# Matplotlib

Matplotlib is a plotting library that provides functionality very similar to that seen in Matlab. In this tutorial we will give a brief introduction to making simple line/scatter plots, and a few other types of plots. You will be introduced to more advanced plots over the course of the lecture series. The first thing we need to do is import the modules used throughout the notebook, including the Matplotlib plotting module ```pyplot```, and adding ```%matplotlib inline``` to ensure all plots are rendered inline, after the cells that call them.

In [6]:
import numpy as np
import matplotlib.pyplot as plt
%matplotlib inline

__Note__
*  ```%matplotlib inline``` will make your plot outputs appear and be stored within the notebook.
* ```%matplotlib inline``` is a "magic" built-in command for jupyter/ipython; it is not a Python statement.

## Basic Plotting

Let's start by plotting a simple linear function $y = 2x$.

__Task 1.1__: Plot the function $y = 2x$ using the ```plt.plot``` function.

In [None]:
# Prepare the data
x = np.linspace(-10, 10, 50) # 50 values in the range [-10,10]
print('x = \n', x)

# Create the function
y = 2*x

### (Task 1.1): Plot the data
# Add your code here

# Show the plot
# (not necessary when plotting with %inline keyword
#  but essential when plotting from scripts)
plt.show()

We can label the plot and the axes, and add a legend and a title to the plot.

__Task 1.2__: Add labels to the axis using ```plt.xlabel``` and ```plt.ylabel```

__Task 1.3__: Add a title to your plot using ```plt.title```


In [None]:
# Plot the data
plt.plot(x, y)

### (Task 1.2): label both axis
plt.xlabel('$x$') # The expression $x$ tells matplotlib to format x as an equation (and italicize x); you can use LaTeX-like formatting
# Add your code for the y-axis label here

### (Task 1.3): add a title
# Add your code for the title here

# Legend
plt.legend(['$y = 2x$'], loc='lower right')
# Note: the first argument is a list of strings;
#       the second argument is the desired location for the legend (within the plot)

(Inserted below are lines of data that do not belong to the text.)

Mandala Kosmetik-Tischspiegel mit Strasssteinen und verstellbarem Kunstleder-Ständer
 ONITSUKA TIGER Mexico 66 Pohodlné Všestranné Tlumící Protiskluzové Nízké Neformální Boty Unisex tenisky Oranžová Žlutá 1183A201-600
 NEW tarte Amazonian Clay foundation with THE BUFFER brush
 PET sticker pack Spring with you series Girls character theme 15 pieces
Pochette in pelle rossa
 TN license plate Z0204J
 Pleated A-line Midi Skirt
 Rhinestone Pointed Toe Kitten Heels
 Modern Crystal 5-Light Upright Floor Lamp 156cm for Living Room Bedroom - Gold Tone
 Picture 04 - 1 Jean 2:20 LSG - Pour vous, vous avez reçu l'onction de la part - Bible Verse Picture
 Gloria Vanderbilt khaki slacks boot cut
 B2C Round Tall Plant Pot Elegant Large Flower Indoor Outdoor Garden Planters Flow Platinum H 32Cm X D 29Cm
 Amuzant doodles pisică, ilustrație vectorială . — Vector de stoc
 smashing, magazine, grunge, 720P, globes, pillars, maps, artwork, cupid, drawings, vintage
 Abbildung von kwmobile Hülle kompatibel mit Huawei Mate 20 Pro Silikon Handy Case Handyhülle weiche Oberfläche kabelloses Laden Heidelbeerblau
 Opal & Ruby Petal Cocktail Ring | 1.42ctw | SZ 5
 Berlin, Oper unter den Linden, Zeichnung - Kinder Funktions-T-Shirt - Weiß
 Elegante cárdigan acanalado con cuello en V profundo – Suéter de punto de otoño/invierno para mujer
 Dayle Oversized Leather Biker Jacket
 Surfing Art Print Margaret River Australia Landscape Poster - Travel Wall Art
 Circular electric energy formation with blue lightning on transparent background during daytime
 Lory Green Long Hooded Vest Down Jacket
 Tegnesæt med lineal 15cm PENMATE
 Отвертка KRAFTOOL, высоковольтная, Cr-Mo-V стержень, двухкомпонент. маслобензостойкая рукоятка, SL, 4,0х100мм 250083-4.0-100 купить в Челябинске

# Note: Alternative to creating a legend is:
#plt.plot(x, y, label = '$y = 2x$')
#plt.legend(loc='lower right')

plt.show()

**In order to plot multiple functions in the same figure, one simply adds more ```plt.plot``` calls.**

You can also add them in a single line such as: ```plt.plot(x, y, x, y2)```.

Let's look at an example for $y = x^2$:

In [None]:
# Create a new function
y2 = x**2

# Plot y = 2x
plt.plot(x, y)

# Plot y = x^2
plt.plot(x, y2)

# Labels
plt.xlabel('$x$')
plt.ylabel('$y$')

# Legend
plt.legend(['$y = 2x$', '$y = x^{2}$'], loc='lower right')

# Title
plt.title('Two functions')

plt.show()

__Task 1.4__: Add a third function $y = \text{exp}(x/2)$. Change the labels to 'x' and 'f(x)' for the x and y axis respectively. Add the third function to the legend of the plot and change the title to 'My three functions'.

In [None]:
### (Task 1.4)

# Create a third function
y3 = np.exp(x/2)

# Plot y_1
plt.plot(x, y)

# Plot y_2
plt.plot(x, y2)

# Plot y_3
# Add your code here

# Labels
# Add your code here

# Legend
plt.legend(['$y = 2x$', '$y = x^2$', '$y = e^{x/2}$'], loc='lower right')

# Title
# Add your code here

plt.show()

You have the option to modify the plot style through a third argument that specifies the format string. This string, informed by MATLAB conventions, allows you to define both the color and the line style for your plot; you simply need to combine the respective codes for each in one string. To give you an idea, **the default option is 'b-', which represents a solid blue line.**


__Task 1.5__: Change the code below to use **red circles ('ro')** for $y = 2x$ and **green triangles ('g^')** for $y = x^2$.


In [None]:
### (Task 1.5)
plt.plot(x, y, 'b-', x, y2, 'b-') # Edit this line

# Labels
plt.xlabel('$x$')
plt.ylabel('$y$')

# Legend
plt.legend(['$y = 2x$', '$y = x^2$'], loc='lower right')

# Title
plt.title('Different styles')

plt.show()

For many more arguments controlling the properties of ```pyplot``` lines and markers see https://matplotlib.org/stable/api/_as_gen/matplotlib.pyplot.plot.html

**Task 1.6** Want to save a figure as a file? Use `savefig`

In [None]:
### (Task 1.6)
plt.plot(x, y, 'ro', x, y2, 'g^')
plt.xlabel('$x$')
plt.ylabel('$y$')
plt.legend(['$y = 2x$', '$y = x^2$'], loc='lower right')
plt.title('Different styles')
plt.savefig('saved_plot.png')

## Setting ticks and limits

In some cases, it may be necessary to **change the range of the x and y axis and/or change the regularity or spacing of the ticks on each axis**. This can be achieved using ```xlim/ylim``` and ```xticks/yticks``` functions

__Task 2.1__: **Change the axis limits **

to $[\text{min}(x)-5, \text{max}(x)+5]$ for the x axis and to $[\text{min}(y)-5, \text{max}(y)+5]$ for the y axis.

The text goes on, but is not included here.